Published: 24 December 2008

Abstract

Background

One of the most striking features of mammalian and birds chromosomes is the variation in the guanine-cytosine (GC) content that occurs over scales of hundreds of kilobases to megabases; this is known as the "isochore" structure. Among other vertebrates the presence of isochores depends upon the taxon; isochore are clearly present in Crocodiles and turtles but fish genome seems very homogeneous on GC content. This has suggested a unique isochore origin after the divergence between Sarcopterygii and Actinopterygii, but before that between Sauropsida and mammals. However during more than 30 years of analysis, isochore characteristics have been studied and many important biological properties have been associated with the isochore structure of human genomes.

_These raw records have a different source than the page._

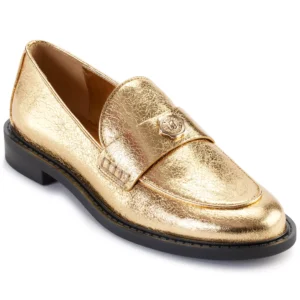 Women's Rylyn Loafers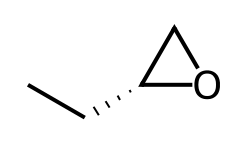structure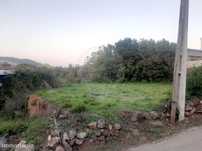 Terreno  para venda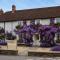 Meryan House Hotel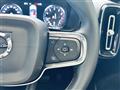 2022 Volvo XC40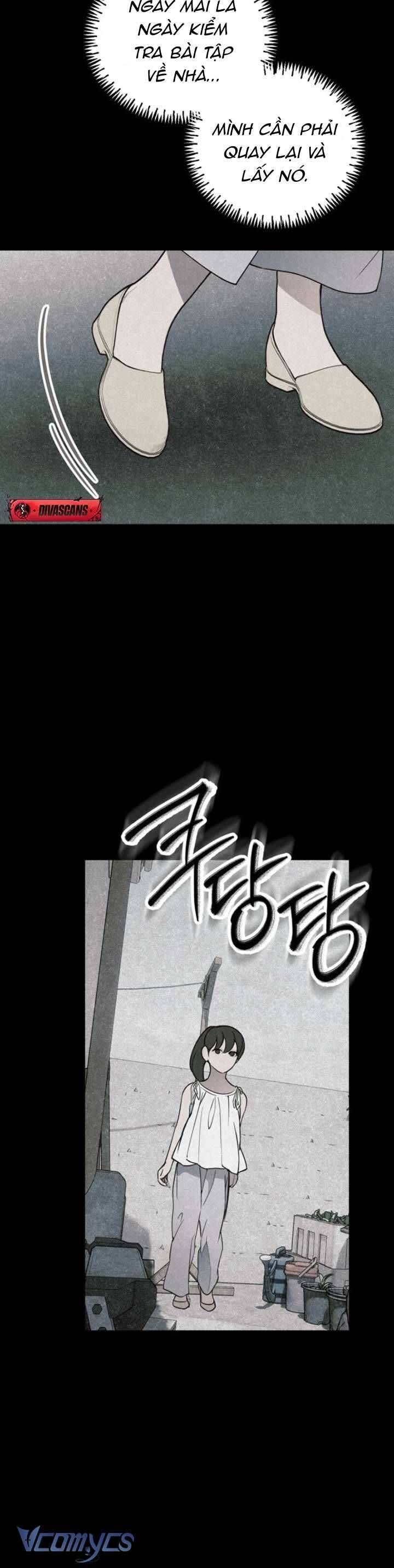 page_45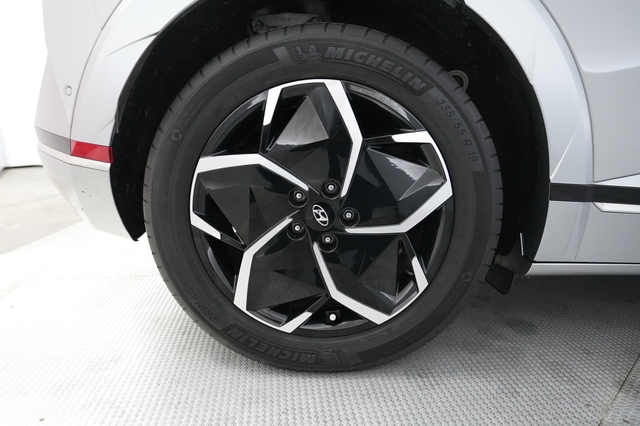 2024 Hyundai IONIQ 5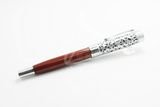 Special Wood Gift Pen for Gentlemen
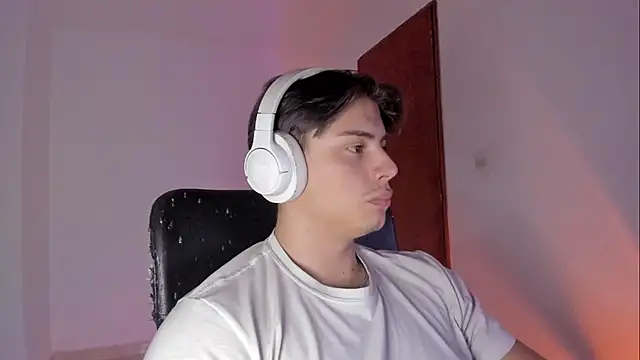 Giordano_Russo live sex cam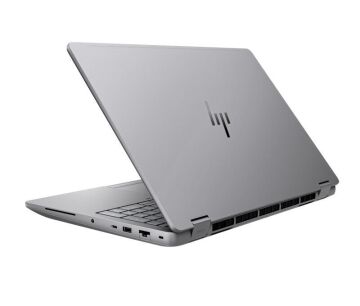 HP ZBOOK FURY G1i 16 (5F9Q9ES) U9-285HX/ 32GB/ RTX Pro 4000/ 1TB PCle SSD/ Win 11 Pro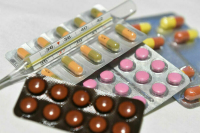 Отечественные лекарства получат приоритет в перечне необходимых препаратов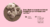 Banner rotativo 1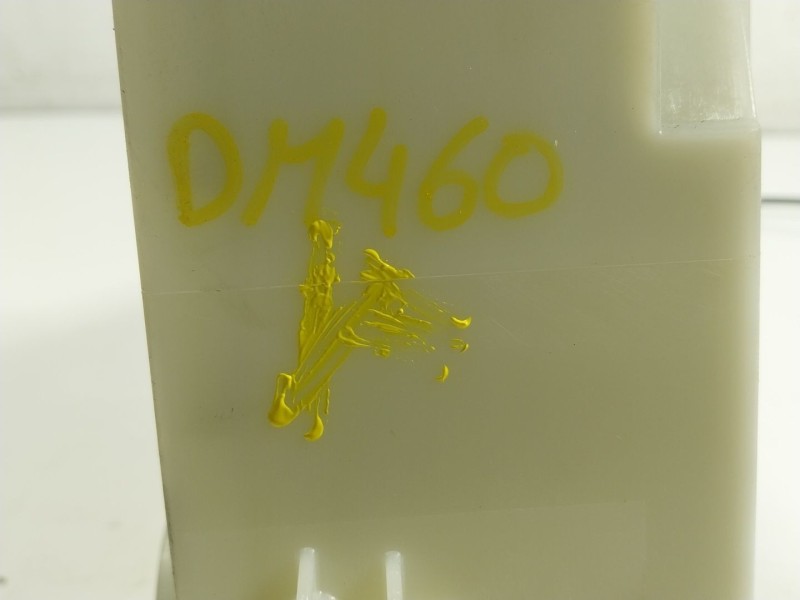 Recambio de palanca cambio para hyundai i10 1.2 cat referencia OEM IAM  46700B4000 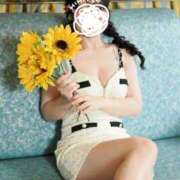 ヒメ日記 2025/08/14 23:28 投稿 あや 金瓶梅(きんぺいぱい)(雄琴)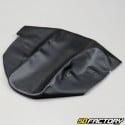 Seat cover Piaggio Zip 4T carbon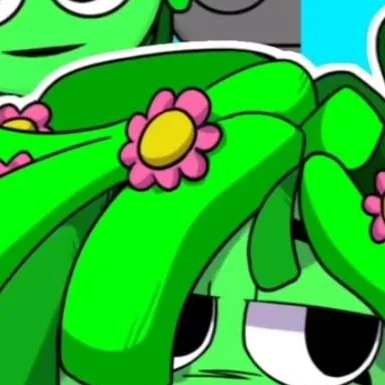 chat with ai character: vineria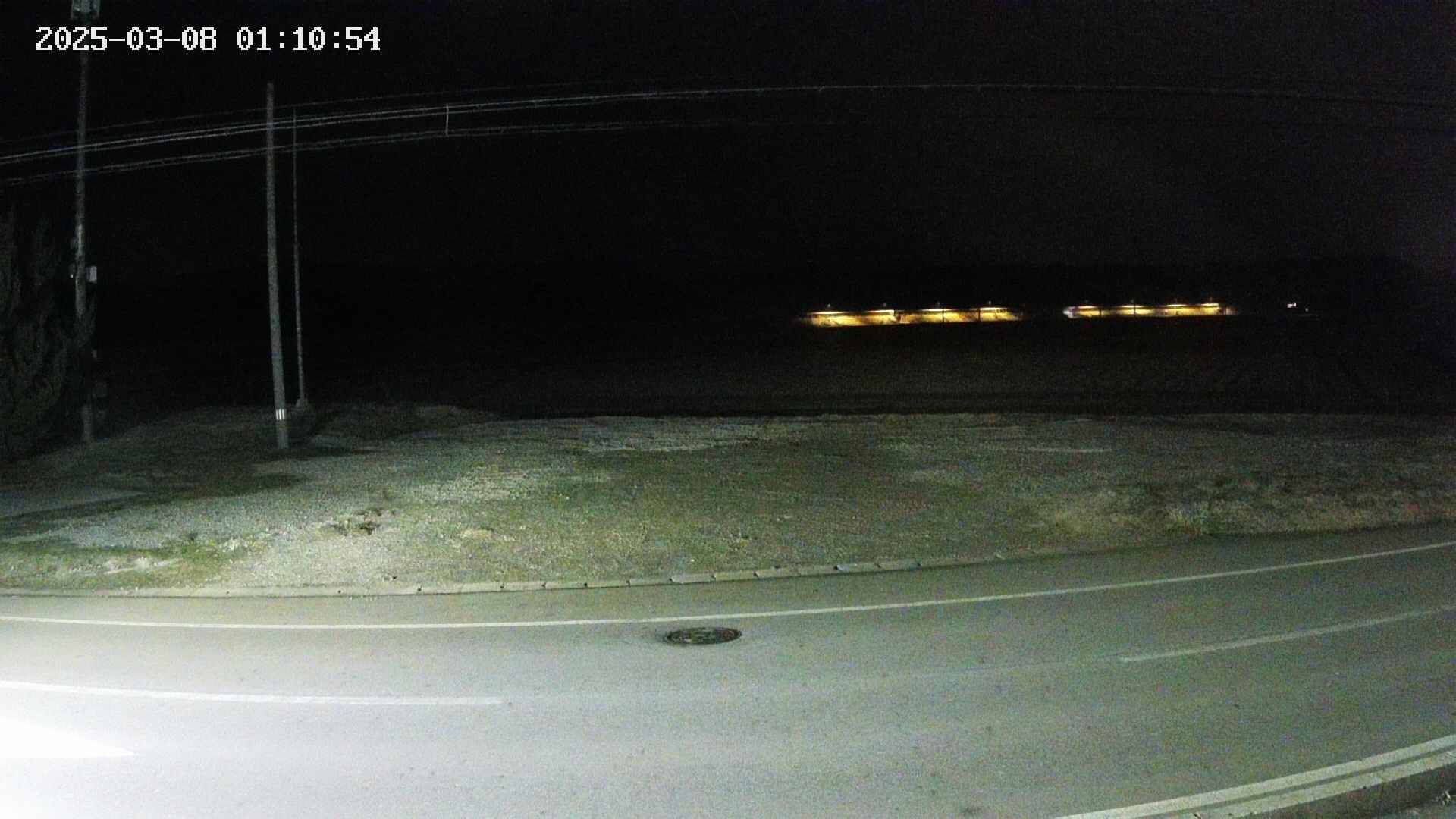 yotec5-20250308011055.jpg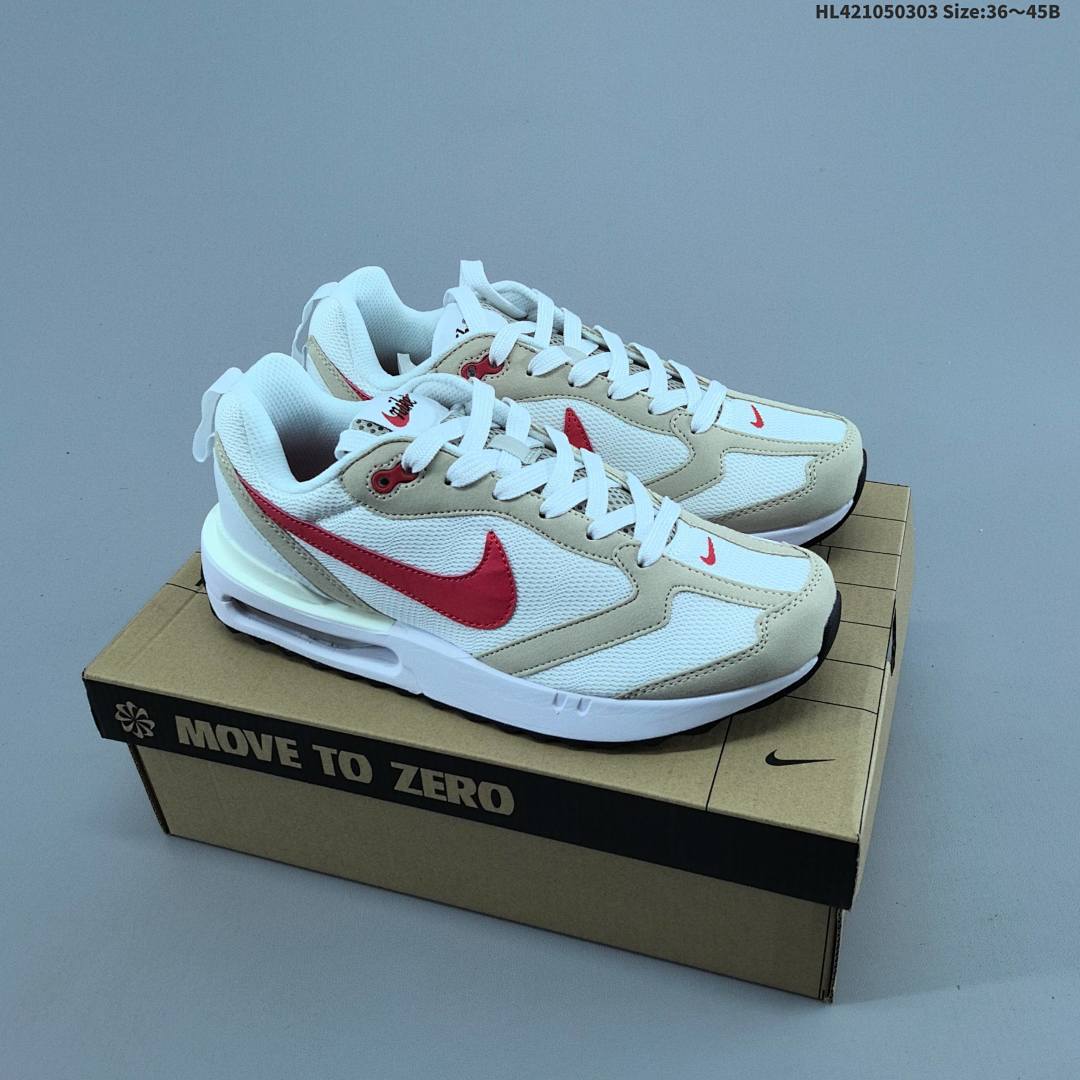 NK Air Max Dawn - foto 14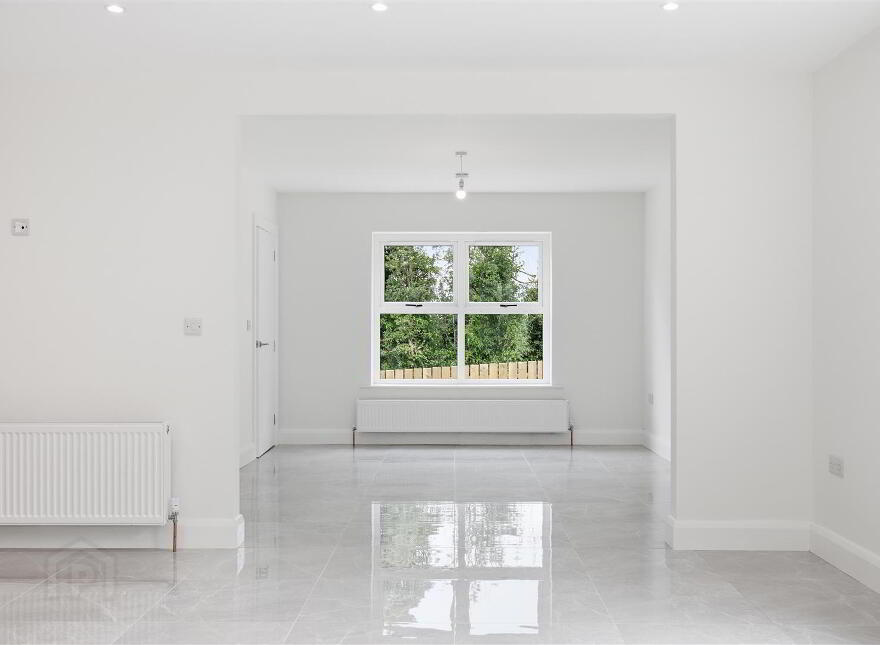Site 1, 41 Moss Road, Ballynahinch, BT24 8EG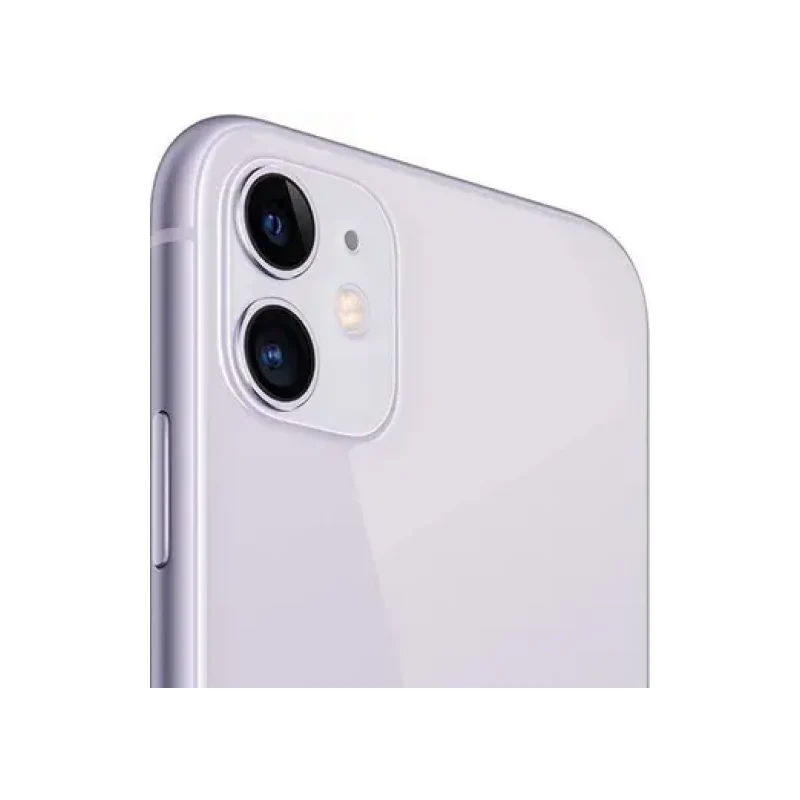 iPhone 11 - Image 29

For instance, the genes are more compact and their density is highest in GC rich isochores.

Results

This paper shows in teleost fish genomes the existence of "GC segmentation" sharing some of the characteristics of isochores although teleost fish genomes presenting a particular homogeneity in CG content. The entire genomes of T nigroviridis and D rerio are now available, and this has made it possible to check whether a mosaic structure associated with isochore properties can be found in these fishes. In this study, hidden Markov models were trained on fish genes (T nigroviridis and D rerio) which were classified by using the isochore class of their human orthologous. A clear segmentation of these genomes was detected.

Conclusion

The GC content is an excellent indicator of isochores in heterogeneous genomes as mammals. The segmentation we obtained were well correlated with GC content and other properties associated to GC content such as gene density, the number of exons per gene and the length of introns. Therefore, the GC content is the main property that allows the detection of isochore but more biological properties have to be taken into account. This method allows detecting isochores in homogeneous genomes.